### What this task involves
Which of the lines in the records below hold the string "Photo"? Copy every one of them.

### Available data

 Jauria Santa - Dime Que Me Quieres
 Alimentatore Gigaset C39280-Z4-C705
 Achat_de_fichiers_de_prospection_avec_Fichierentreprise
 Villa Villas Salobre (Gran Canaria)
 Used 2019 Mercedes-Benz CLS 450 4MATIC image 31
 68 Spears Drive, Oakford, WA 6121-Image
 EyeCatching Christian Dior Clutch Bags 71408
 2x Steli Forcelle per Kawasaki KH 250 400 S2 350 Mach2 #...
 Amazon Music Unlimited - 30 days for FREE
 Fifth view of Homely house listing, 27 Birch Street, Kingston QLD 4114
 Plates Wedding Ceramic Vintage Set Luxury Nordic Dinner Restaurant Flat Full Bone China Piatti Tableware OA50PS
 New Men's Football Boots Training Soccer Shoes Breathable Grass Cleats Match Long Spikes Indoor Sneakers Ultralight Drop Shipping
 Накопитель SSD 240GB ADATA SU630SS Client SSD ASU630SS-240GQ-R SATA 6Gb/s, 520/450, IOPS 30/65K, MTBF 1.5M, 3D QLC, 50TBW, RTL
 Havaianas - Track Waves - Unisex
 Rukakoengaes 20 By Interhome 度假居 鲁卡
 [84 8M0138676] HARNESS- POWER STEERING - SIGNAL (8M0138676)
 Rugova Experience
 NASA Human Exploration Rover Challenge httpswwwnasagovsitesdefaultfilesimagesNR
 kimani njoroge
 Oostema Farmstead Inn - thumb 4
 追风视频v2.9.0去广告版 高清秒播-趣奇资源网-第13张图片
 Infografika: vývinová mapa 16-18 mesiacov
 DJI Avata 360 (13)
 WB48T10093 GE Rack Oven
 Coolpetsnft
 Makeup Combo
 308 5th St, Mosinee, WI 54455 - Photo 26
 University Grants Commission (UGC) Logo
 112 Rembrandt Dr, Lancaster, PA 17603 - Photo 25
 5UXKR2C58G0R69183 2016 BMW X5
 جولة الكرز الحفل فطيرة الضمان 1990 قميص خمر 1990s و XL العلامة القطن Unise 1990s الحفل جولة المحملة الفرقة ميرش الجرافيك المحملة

### Answer area
 308 5th St, Mosinee, WI 54455 - Photo 26
 112 Rembrandt Dr, Lancaster, PA 17603 - Photo 25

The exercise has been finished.